An interview with two ex-squatters

This week the SQUASH Campaign caught up with two ex squatters, Tony Gosling from Bristol, and Eva from London. Here is what was produced.

(SQUASH): So… first things first… what made you decide to squat?
(Tony): I had to… my landlord turned weird on me & I had to get out fast… I also had no deposit
(Eva): I left home when I was 16 and was housed for 4 months in emergency accommodation in a bedsit with a broken lock. Then I was housed in a house for vulnerable women. However the other women living there had mental health problems and I was not informed of this. After a year I left in the middle of the night as I was scared of one of the other tenants. At this point I was 17 and a half. I knew a group of people who had come together initially in response to the criminal justice bill and we had set up various community squats. The next one was to have private living quarters upstairs so I moved in .

(SQUASH): Scary stuff. Your story sounds very similar to a lot of people who get in touch with us today. So what was squatting like when you did it? Was it hard?
(Tony): It was up & down, the first place was easy, then very hard for 4 – 5 months, then after that a great squat for 2 years – then difficult again for 2 years.
(Eva): Most of us got on where I lived so it wasn’t too hard. It was April so it wasn’t cold. We had no hot water so I used to hand wash my clothes in my friends bath every other day as I didn’t have many. And there were lots of events on downstairs; meetings, bands etc. It was quite supportive and definitely safer than the bedsit and the vulnerable women housing project.

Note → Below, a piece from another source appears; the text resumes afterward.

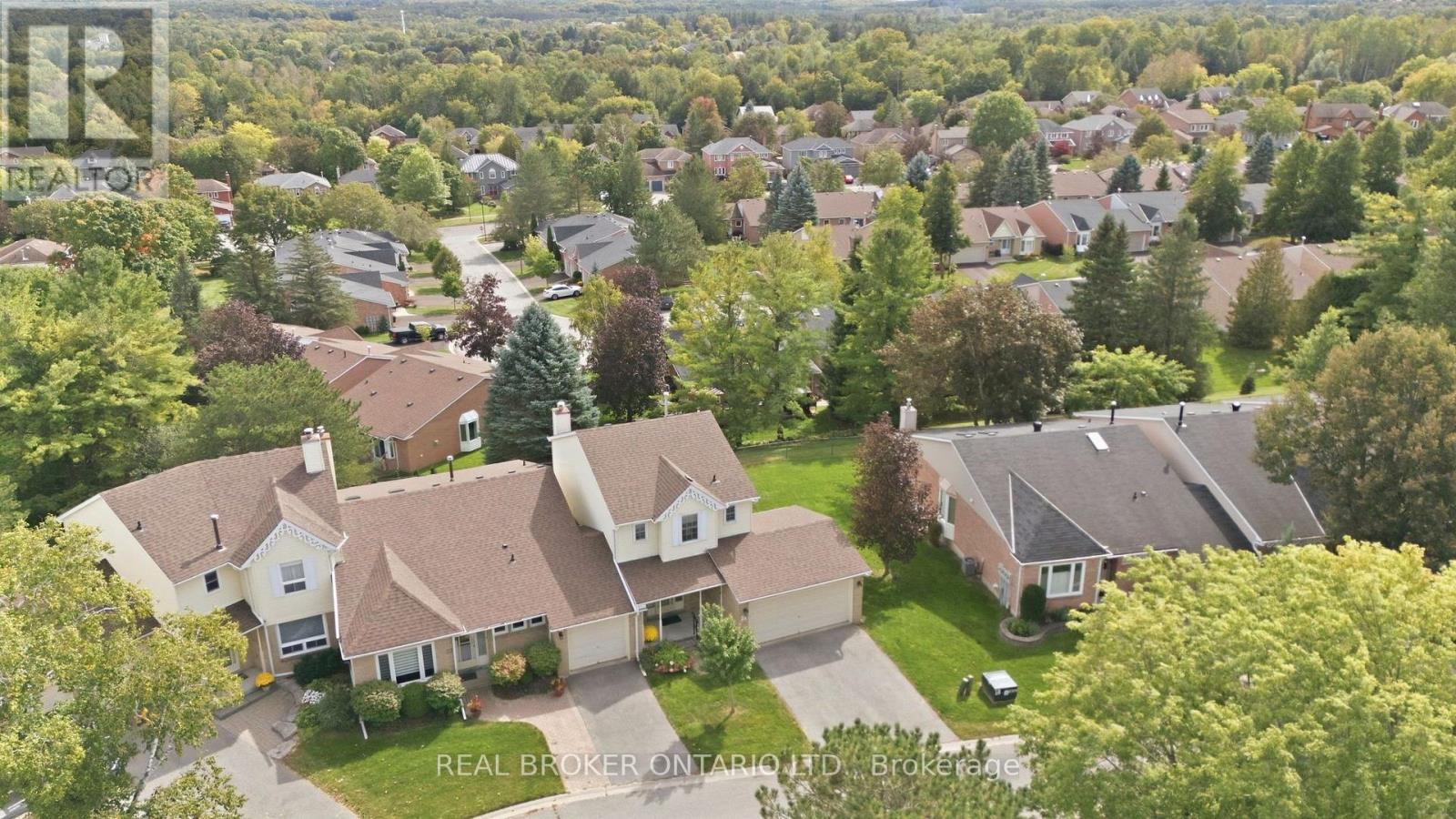 21 Adams Court, Uxbridge, Ontario  L9P 1G2 - Photo 42 - N13813620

(SQUASH): That’s what we’re hearing a lot of people say. Ok, so squatting isn’t easy and it can often not be very comfortable but you still choose to squat for the reason that it’s better than any other option available to you. This is why we see squatting as a direct response to the housing and homelessness crisis. Something which the famous statistician Danny Dorling said recently. Clearly squatting is better than homelessness no question about it. Anyway, moving on… What was different then? Any there any similarities with people still squatting in the UK today?
(Tony): It was generally easier with no police threat and also there were more empty buildings, particularly housing associations.
(Eva): I think in general people need to be really clued up about who they live with as it only takes one element to ruin a shared squat, particularly if its big and lots of people are coming and going.

(SQUASH): It would be interesting to know if you were attacked by the media then as squatters today are?
(Tony): No, we were supported by them and there was a great doc made – possibly one of the last with BBC community programme unit (Link here:
(Eva): I dont think we had any bad press actually, it was a really nice squat. I was doing my A levels and one of my lecturers came round one evening. I think people were curious to see it as it was really big, it had lovely architecture etc.

(SQUASH): So what sort of buildings were people squatting in back in the day?
(Tony): Residential and offices mostly – a few industrial
(Eva): There was an old courthouse, the councils old offices, an old bank, an old clothes shop

(SQUASH): And finally, what do you think about the new criminal offence?
(Eva): I think if its empty let people live there!
(Tony): Well it makes poverty a crime – totalitarian stuff innit?